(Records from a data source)
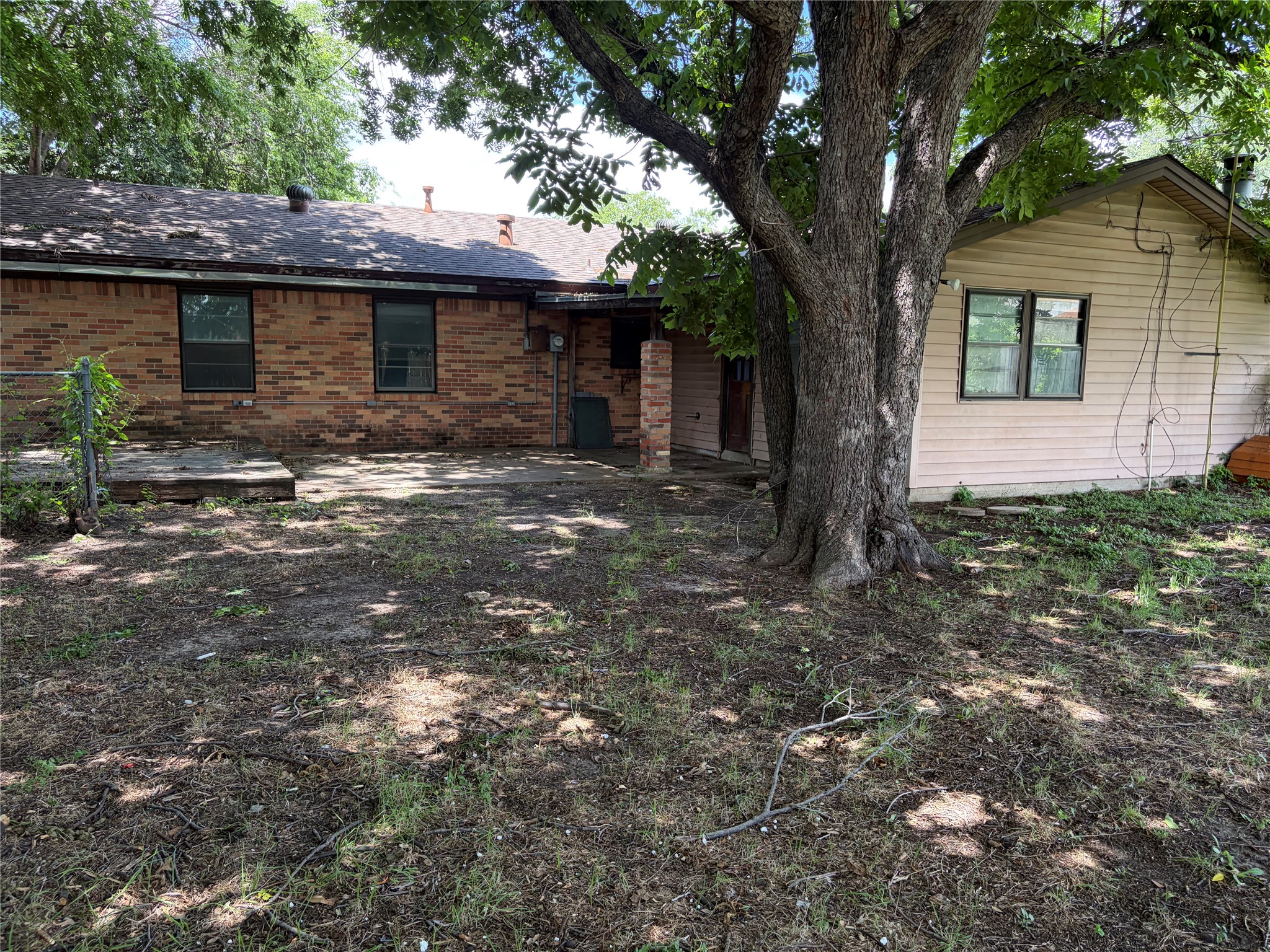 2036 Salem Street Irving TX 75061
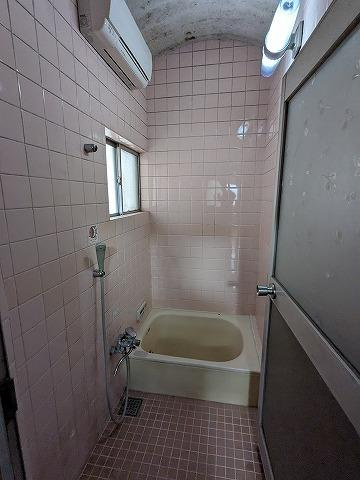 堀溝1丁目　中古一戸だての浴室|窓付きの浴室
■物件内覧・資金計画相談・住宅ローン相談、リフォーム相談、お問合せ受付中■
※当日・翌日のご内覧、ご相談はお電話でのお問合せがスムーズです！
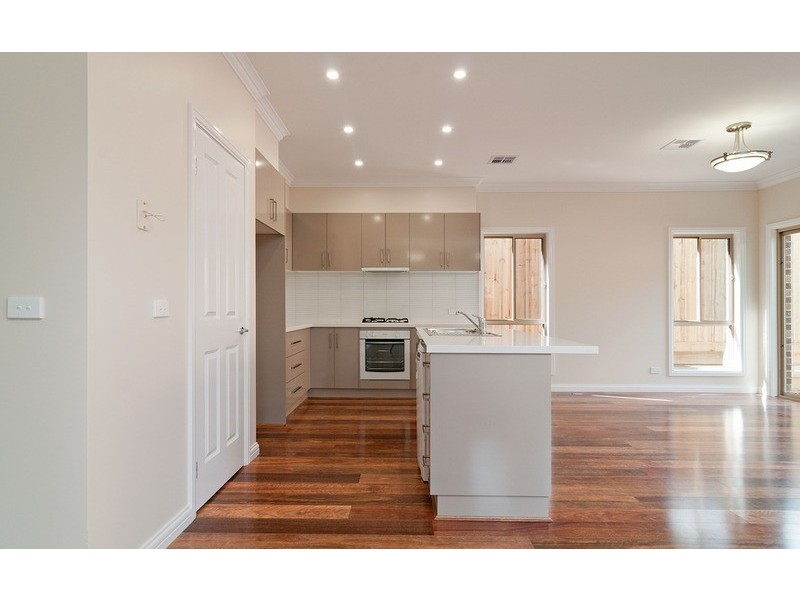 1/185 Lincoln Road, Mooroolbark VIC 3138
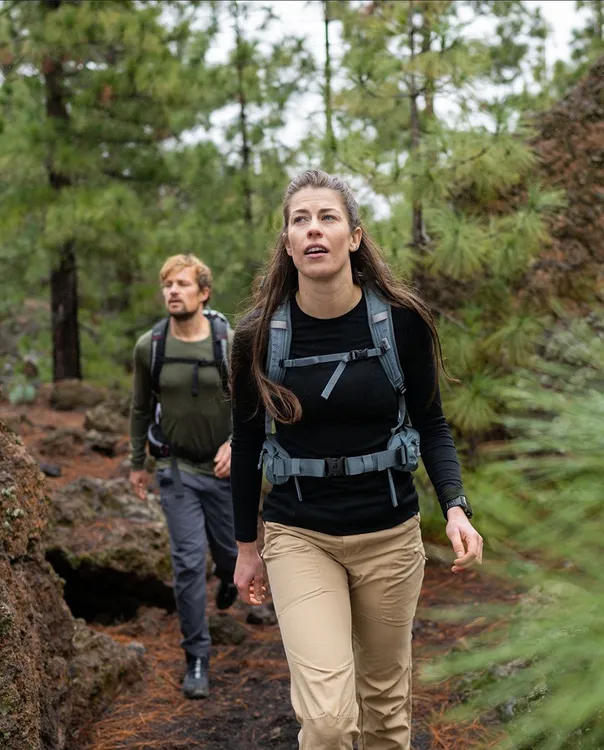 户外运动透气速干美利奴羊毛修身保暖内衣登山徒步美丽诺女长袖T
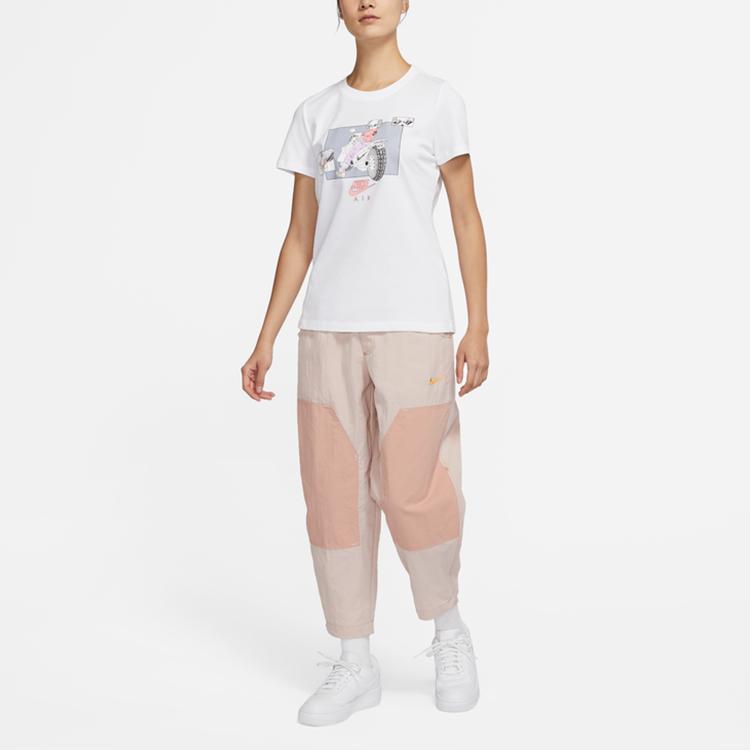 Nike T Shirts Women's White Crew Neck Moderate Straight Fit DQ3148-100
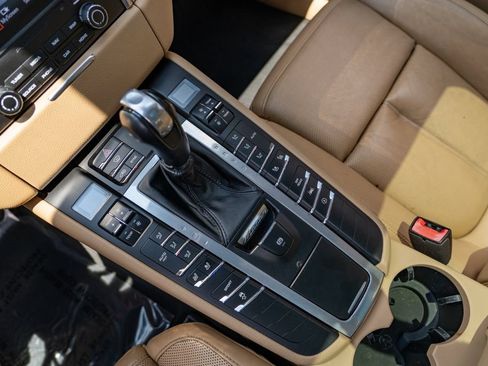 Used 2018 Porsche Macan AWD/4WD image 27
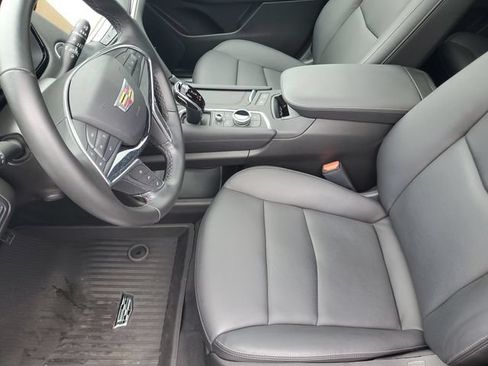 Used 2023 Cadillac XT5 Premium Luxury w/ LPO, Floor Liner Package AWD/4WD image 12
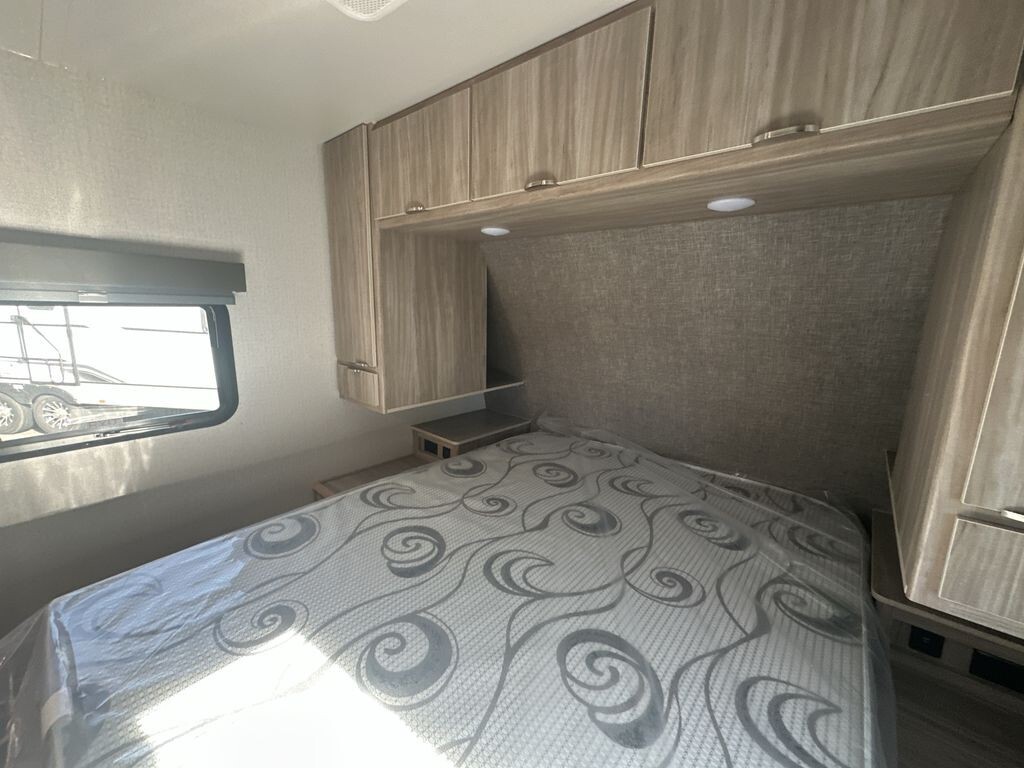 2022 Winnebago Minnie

→ **WHAT TO PRODUCE**
Exact copies of the entries above are needed, without their pictures.

→ **COMPLETED TASK**
 2036 Salem Street Irving TX 75061
 堀溝1丁目　中古一戸だての浴室|窓付きの浴室
■物件内覧・資金計画相談・住宅ローン相談、リフォーム相談、お問合せ受付中■
※当日・翌日のご内覧、ご相談はお電話でのお問合せがスムーズです！
 1/185 Lincoln Road, Mooroolbark VIC 3138
 户外运动透气速干美利奴羊毛修身保暖内衣登山徒步美丽诺女长袖T
 Nike T Shirts Women's White Crew Neck Moderate Straight Fit DQ3148-100
 Used 2018 Porsche Macan AWD/4WD image 27
 Used 2023 Cadillac XT5 Premium Luxury w/ LPO, Floor Liner Package AWD/4WD image 12
 2022 Winnebago Minnie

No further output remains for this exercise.